24-10-2023 (SINGAPORE) The Singapore dollar hit an unprecedented high of 3.5086 against the Malaysian ringgit in the early hours of Tuesday, October 24. This surge triggered a flurry of activity at local money changers.
The exchange rate initially crossed the 3.5 mark at 10:21 pm on the preceding Monday. By 6:00 pm on Tuesday, it was trading at 3.5023.
In the afternoon on Tuesday at The Arcade in Raffles Place, AsiaOne observed that several money changers had displayed notices on their exchange boards indicating that they had exhausted their supply of Malaysian ringgit. This shortage was noted at approximately 4:00 pm.
However, at other money changers with available ringgit, long queues were forming. A spokesperson from City Money Changer informed AsiaOne that they had completely sold out their supply of Malaysian ringgit by noon, just two hours after opening their outlet at 10:00 am.

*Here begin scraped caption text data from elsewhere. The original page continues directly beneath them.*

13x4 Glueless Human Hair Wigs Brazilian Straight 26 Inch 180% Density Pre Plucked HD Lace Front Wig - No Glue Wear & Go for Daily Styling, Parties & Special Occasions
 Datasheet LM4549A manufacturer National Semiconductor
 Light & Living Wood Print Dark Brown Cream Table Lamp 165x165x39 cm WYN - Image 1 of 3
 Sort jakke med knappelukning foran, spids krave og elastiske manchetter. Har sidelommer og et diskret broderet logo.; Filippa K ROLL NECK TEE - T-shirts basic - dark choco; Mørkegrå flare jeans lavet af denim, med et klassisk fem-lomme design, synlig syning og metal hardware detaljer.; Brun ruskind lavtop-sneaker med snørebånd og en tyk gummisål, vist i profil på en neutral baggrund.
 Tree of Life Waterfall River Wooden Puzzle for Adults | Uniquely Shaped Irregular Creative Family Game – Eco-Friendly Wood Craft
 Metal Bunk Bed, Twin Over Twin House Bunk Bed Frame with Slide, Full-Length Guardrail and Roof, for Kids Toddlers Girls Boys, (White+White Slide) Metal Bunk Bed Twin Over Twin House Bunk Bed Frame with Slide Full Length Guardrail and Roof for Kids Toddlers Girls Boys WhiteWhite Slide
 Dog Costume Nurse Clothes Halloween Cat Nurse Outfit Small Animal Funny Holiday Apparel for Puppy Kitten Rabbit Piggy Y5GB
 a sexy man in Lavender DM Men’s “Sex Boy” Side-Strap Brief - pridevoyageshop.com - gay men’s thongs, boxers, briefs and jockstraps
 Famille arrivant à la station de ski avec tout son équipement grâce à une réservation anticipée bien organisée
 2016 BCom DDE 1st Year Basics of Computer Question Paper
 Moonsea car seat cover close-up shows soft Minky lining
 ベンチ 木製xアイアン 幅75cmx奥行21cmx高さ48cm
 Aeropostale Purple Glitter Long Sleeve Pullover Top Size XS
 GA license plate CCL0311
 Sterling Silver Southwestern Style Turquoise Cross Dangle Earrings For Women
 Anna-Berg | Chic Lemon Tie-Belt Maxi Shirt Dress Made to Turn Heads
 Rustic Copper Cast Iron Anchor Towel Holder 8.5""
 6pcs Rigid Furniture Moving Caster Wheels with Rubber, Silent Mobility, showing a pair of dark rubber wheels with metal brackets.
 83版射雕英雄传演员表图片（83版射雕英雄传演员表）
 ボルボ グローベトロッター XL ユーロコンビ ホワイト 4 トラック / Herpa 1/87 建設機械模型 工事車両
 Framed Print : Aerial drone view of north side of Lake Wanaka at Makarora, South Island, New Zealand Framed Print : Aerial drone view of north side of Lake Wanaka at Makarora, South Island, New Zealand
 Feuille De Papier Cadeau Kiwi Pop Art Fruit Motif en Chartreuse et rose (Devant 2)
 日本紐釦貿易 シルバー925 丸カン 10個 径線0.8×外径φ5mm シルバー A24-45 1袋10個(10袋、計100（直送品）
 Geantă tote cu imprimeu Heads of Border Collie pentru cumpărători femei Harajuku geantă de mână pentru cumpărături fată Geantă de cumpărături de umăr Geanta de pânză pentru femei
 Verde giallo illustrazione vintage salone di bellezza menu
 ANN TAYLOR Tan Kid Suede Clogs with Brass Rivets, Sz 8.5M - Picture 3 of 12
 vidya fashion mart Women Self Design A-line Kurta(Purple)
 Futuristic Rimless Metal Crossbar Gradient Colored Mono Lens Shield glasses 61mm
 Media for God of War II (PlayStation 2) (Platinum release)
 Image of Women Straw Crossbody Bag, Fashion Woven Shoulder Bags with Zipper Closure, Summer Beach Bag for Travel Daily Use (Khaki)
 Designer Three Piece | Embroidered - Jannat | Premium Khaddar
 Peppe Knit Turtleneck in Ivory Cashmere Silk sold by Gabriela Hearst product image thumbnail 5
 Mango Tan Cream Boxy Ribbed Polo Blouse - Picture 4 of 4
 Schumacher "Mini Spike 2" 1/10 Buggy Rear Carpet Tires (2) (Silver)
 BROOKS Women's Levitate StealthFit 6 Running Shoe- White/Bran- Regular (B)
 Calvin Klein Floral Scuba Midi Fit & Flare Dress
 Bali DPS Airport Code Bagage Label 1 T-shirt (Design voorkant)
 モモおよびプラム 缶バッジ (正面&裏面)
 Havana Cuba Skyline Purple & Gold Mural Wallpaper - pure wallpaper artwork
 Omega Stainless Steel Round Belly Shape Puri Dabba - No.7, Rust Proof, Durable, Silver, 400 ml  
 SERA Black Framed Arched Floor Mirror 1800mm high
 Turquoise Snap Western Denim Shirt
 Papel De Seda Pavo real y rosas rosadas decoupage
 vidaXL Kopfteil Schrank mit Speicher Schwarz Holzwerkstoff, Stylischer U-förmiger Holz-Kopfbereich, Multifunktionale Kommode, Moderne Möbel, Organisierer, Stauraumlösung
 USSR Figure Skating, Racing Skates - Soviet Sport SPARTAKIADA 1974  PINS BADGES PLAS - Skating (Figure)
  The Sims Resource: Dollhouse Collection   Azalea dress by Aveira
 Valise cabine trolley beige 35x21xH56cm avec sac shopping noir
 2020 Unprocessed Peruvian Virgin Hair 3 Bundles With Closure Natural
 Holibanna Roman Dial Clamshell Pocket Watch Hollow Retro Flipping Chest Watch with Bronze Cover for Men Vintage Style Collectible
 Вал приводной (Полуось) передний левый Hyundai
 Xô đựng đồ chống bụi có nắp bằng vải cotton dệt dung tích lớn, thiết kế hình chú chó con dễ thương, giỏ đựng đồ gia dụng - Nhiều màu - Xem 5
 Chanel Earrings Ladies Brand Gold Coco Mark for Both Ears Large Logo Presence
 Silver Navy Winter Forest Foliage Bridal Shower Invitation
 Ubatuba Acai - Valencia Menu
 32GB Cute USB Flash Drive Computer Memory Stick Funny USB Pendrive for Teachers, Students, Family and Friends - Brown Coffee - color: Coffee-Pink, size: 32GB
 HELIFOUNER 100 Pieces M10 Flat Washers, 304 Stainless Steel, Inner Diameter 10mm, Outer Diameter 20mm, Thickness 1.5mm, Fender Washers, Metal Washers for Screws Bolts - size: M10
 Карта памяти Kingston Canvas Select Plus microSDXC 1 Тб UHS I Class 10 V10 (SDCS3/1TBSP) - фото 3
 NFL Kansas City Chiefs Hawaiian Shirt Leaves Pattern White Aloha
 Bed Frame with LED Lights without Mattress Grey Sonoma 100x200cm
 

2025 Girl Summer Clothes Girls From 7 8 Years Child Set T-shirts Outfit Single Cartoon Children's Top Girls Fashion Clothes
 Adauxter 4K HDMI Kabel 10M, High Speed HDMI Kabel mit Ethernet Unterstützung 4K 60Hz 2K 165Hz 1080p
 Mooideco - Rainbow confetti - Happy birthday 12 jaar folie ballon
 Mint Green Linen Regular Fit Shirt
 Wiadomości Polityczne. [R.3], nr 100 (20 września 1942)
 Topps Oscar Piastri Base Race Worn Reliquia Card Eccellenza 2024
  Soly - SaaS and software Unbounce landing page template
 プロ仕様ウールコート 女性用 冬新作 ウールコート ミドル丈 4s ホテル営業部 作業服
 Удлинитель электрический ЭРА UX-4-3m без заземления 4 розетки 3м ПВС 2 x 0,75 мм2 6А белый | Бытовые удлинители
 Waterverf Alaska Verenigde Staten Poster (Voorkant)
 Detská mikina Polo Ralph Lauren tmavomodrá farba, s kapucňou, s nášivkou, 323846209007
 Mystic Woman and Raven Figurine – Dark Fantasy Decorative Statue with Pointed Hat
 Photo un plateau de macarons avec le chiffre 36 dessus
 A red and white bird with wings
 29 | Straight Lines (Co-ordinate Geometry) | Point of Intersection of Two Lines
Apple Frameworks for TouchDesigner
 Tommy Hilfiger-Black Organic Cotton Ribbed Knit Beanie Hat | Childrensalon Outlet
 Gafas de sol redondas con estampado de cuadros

This staff member attributed the surge in demand for the Malaysian ringgit to a recent dip in its value and anticipated that this trend would persist. Some money changers who purchased ringgit at higher rates earlier would now be selling it at reduced prices due to the currency’s depreciation.
The staff member commented, “There will be buyers who will be awaiting the Malaysian ringgit to be sold at an even lower rate in the coming days.”
The depreciation of the ringgit against the Singapore dollar can be attributed to disparities in economic growth, inflation, and interest rate differentials, according to Dr. Liew Chee Yoong, an assistant professor of finance at UCSI University Malaysia, as reported by the New Straits Times. In the long term, this continuous depreciation may also influence corporate decisions by Singaporean firms regarding business operation locations, with the potential for increased investment in Malaysia as the cost of doing business becomes more economical.
This surge in the exchange rate has spurred considerable interest in currency markets and the ongoing economic dynamics between the two countries.